=== Aim of the exercise ===
Retype, word for word, each line between the lines holding "201 Crossfield Road, Franklin, MA" and "إيرانيات ينتفضن ضد", inclusive, and leave the rest of the data alone.

=== Extracted data ===

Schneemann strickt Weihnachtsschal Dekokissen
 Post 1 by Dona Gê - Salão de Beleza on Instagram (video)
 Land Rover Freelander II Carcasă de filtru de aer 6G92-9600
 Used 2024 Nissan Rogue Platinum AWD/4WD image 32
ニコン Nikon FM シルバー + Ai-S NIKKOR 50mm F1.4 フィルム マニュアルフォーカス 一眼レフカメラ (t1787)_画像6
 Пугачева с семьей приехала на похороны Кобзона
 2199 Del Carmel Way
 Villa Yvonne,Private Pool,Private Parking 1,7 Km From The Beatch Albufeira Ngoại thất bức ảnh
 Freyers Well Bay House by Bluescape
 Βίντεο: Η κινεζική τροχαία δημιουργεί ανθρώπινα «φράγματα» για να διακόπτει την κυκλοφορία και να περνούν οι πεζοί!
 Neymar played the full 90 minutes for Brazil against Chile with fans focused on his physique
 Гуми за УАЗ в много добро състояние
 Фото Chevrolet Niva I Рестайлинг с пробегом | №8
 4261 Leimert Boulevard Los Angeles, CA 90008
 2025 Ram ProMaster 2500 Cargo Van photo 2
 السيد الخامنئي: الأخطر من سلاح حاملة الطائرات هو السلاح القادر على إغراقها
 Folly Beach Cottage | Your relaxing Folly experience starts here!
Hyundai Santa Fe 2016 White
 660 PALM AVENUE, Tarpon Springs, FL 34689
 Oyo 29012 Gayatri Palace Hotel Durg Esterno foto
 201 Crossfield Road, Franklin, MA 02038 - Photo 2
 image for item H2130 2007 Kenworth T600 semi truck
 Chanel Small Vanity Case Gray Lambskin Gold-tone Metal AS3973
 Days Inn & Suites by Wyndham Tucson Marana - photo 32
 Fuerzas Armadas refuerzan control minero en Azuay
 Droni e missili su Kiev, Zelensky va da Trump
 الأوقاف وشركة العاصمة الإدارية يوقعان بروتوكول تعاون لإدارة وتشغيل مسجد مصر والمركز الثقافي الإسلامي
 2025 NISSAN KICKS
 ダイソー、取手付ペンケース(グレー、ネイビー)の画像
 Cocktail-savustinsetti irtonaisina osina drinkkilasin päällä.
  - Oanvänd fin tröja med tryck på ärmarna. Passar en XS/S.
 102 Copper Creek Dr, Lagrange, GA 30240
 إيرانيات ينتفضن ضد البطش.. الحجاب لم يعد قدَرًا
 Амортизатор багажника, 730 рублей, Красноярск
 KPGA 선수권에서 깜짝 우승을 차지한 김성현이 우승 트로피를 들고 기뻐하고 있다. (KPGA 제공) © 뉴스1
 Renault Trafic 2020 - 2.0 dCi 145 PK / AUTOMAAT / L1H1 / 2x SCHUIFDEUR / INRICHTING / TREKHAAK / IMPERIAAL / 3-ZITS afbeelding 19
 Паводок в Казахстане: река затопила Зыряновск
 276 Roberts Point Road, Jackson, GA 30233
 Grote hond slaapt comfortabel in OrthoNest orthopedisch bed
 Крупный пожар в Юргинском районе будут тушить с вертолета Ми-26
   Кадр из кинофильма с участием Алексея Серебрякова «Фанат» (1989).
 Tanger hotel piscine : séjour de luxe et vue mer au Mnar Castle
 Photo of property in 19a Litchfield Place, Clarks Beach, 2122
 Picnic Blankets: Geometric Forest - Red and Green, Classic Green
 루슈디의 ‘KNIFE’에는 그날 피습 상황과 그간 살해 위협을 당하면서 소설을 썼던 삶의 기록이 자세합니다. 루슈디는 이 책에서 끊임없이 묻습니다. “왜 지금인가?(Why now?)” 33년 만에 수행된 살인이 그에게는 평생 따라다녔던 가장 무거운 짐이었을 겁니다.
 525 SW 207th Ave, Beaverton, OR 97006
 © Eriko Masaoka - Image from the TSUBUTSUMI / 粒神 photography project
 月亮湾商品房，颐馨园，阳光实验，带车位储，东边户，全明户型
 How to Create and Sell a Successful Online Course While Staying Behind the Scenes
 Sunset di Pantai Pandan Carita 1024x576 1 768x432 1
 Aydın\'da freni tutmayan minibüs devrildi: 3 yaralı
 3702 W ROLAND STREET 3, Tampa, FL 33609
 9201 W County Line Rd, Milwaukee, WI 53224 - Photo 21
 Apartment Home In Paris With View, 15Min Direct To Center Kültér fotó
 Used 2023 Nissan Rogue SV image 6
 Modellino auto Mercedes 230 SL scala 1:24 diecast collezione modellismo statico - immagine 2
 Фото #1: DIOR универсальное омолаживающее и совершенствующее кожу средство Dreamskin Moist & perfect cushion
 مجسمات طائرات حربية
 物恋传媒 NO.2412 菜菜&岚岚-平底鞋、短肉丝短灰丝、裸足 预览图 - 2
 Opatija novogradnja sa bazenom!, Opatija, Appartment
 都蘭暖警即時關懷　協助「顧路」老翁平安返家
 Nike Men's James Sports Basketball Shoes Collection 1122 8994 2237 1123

=== Written answer ===
 201 Crossfield Road, Franklin, MA 02038 - Photo 2
 image for item H2130 2007 Kenworth T600 semi truck
 Chanel Small Vanity Case Gray Lambskin Gold-tone Metal AS3973
 Days Inn & Suites by Wyndham Tucson Marana - photo 32
 Fuerzas Armadas refuerzan control minero en Azuay
 Droni e missili su Kiev, Zelensky va da Trump
 الأوقاف وشركة العاصمة الإدارية يوقعان بروتوكول تعاون لإدارة وتشغيل مسجد مصر والمركز الثقافي الإسلامي
 2025 NISSAN KICKS
 ダイソー、取手付ペンケース(グレー、ネイビー)の画像
 Cocktail-savustinsetti irtonaisina osina drinkkilasin päällä.
  - Oanvänd fin tröja med tryck på ärmarna. Passar en XS/S.
 102 Copper Creek Dr, Lagrange, GA 30240
 إيرانيات ينتفضن ضد البطش.. الحجاب لم يعد قدَرًا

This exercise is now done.